Klarna, meaning 'clear', believes its password-free service which enables 'one-click' impulse shopping and immediate payments for merchants, will be key to attracting new customers and retailers in the fiercely competitive U.S. market where it launched in September.

Users don't have to create an account or type in credit card details when checking out in an online store using Klarna, entering instead as little as an email address and zip code to settle the bill while having the option of paying Klarna later, as with a normal credit card.

Klarna runs a quick check using its algorithms and data it has built up over a decade and then, if approved, pays merchants instantly and bills customers for settlement later.

The company had a $2.25 billion valuation at the end of last year, after Swedish insurer Skandia bought a 1 percent stake for 200 million crowns ($23 million), and already handles 10 percent of all online transactions in Europe. In Sweden it now processes 40 percent of all online purchases.

Klarna investors include the founders, Sequoia Capital, Skype founder Niklas Zennstrom's Atomico, General Atlantic, DST, Wellington Management CO and Wellcome Trust. Michael Moritz, a Sequoia Capital partner whose milestone investments include Google and PayPal, is also on its board of directors.

Disclosing 2015 figures for the first time, Siemiatkowski said Klarna generated 2.8 billion Swedish crowns ($331 million) in revenues last year, up from 2.2 billion crowns ($260 million) in 2014, thanks to strong sales in the Nordics and its German-speaking markets.

He said the company's profitability was "very, very good", but declined to quantify.

Though it is already present in 18 national markets across Europe, the big prize is now the United States, where online retail sales are seen growing 10 percent annually, reaching $480 billion by 2019, according to Forrester Research.

Siemiatkowski says Klarna's U.S. business will start impacting growth more substantially late this year, or in 2017.

"It will take some time for it to catch up with the rest of the company," he said, adding that new customers in German-speaking countries and the Nordics will drive the growth again this year.

The payments firm has no shortage of rivals.

PayPal moved into providing credit in 2008 when it acquired Bill Me Later, which was rebranded as PayPal Credit two years ago. PayPal Credit is small relative to PayPal's overall business but increased its total payments volume by 27 percent in 2015 to $6 billion.

Mobile wallets like Apple Pay, Samsung Pay and Google Wallet and start-ups like Stripe and Square are also vying for a share of the market and analysts say it will be a tough but not impossible feat for Klarna, with 1,400 employees, to crack the U.S. market.

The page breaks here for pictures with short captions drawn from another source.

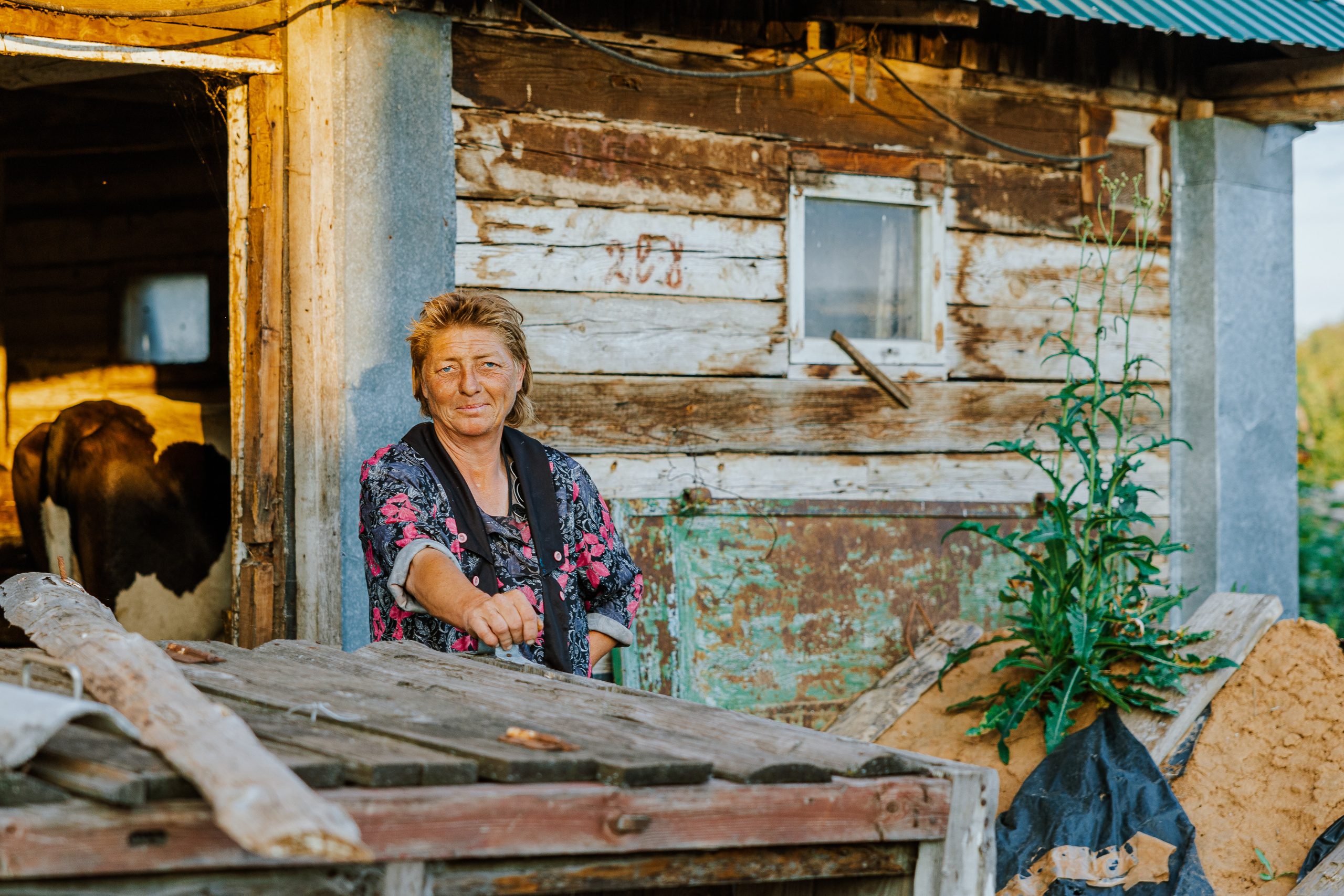Ferma. Профессиональный фотограф Нурмиева Вероника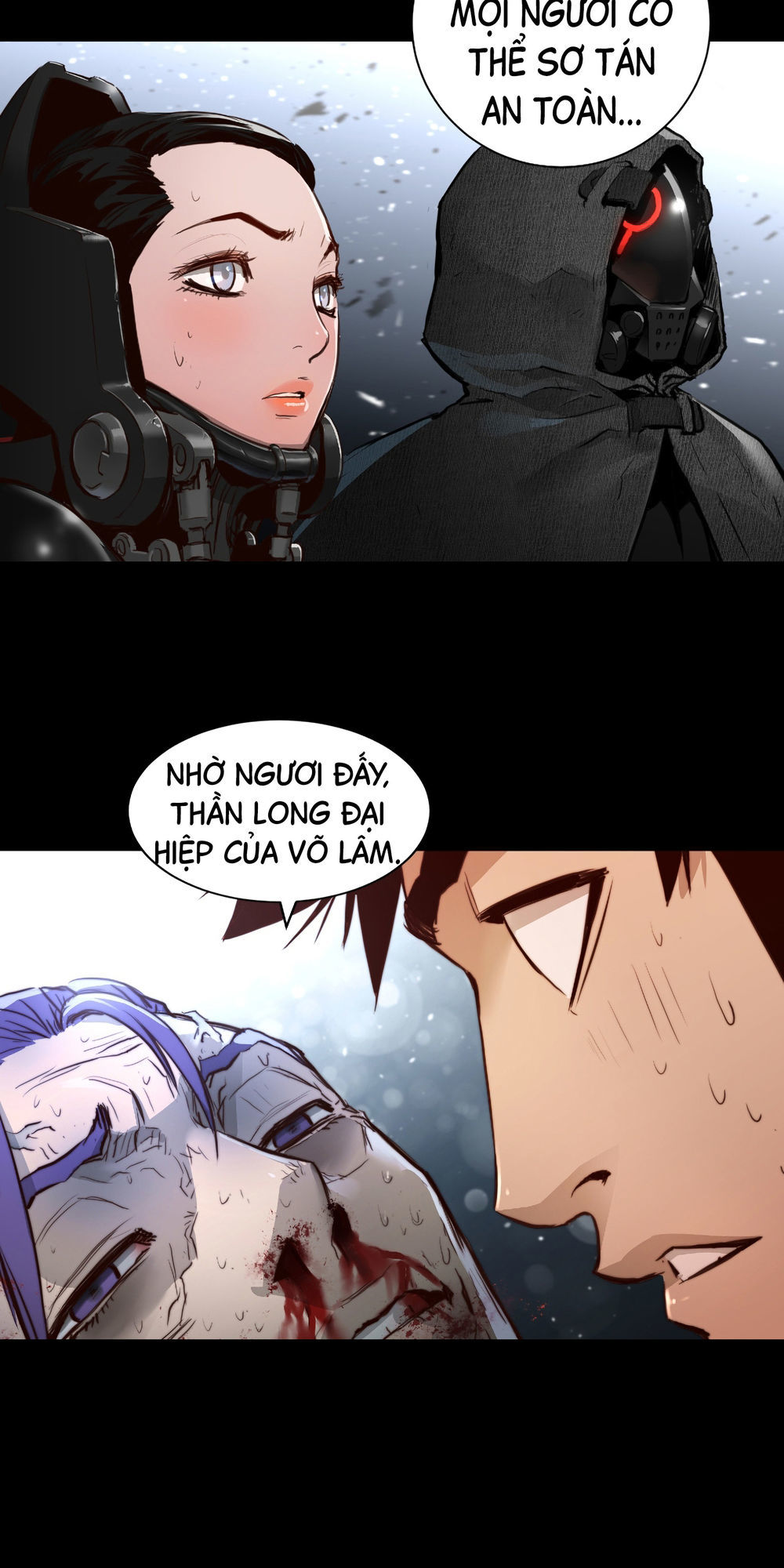 Dị Giới Tam Tuyệt: Chapter 89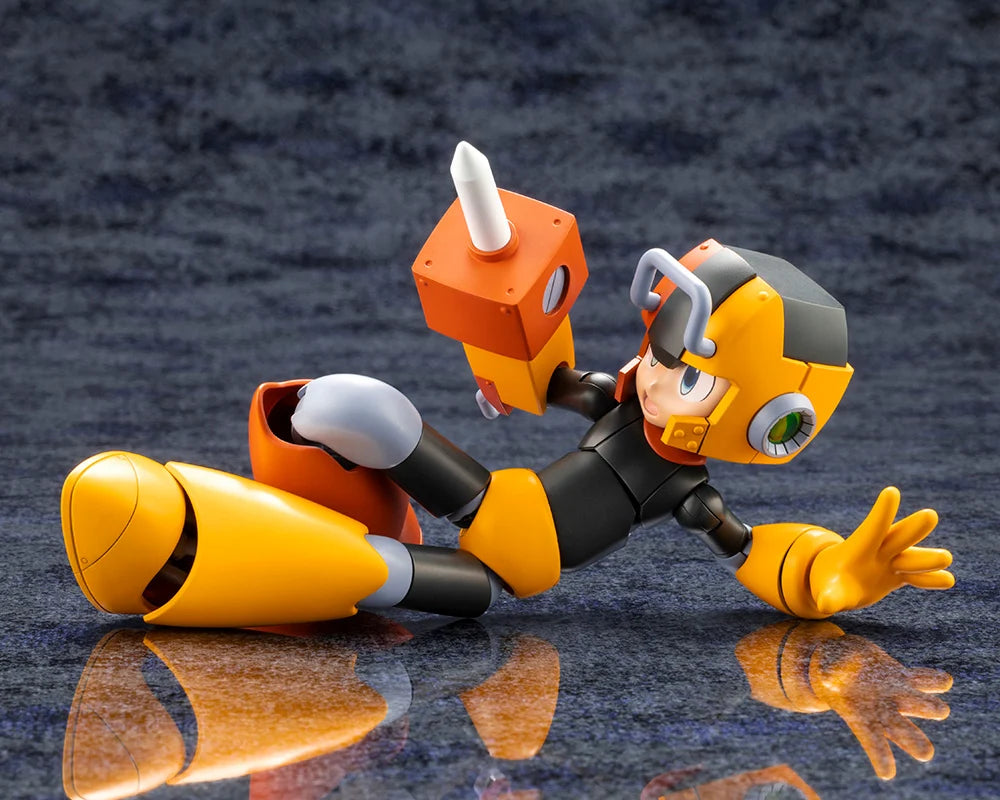 MEGA MAN PILE DRIVE Ver. - Model Kit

"I don't think Klarna is completely unique, but has a unique combination of things. No one has really put them all together in the same way," said Jacob Morgan, senior analyst at Forrester.

"Klarna has the edge on the credit and behavior scoring - that's one thing that sets them apart, plus they pay the merchant immediately."

Marc Niederkorn, a director at McKinsey & Co, agrees that paying merchants quickly will be key for any competitor.

"As soon as you are talking credit card, you're going to have to wait," he said. "Getting money in five seconds is a value proposition because it cuts working capital."

Not everything has been easy, however. This month, Klarna lost its product chief to an internet bank after less than two years and has been accused in Swedish media of better serving the interests of merchants than shoppers.

Siemiatkowski said the company was well aware that having started out as a business aimed at helping merchants attract customers and handle payments it now needed to concentrate on helping customers pay.

"The history is that the company was very B2b and consumers were an afterthought," he said.

"In the last two to three years we started realising that and started shifting. I had not been happy with the pace of that shift but am very confident with how fast we are moving now."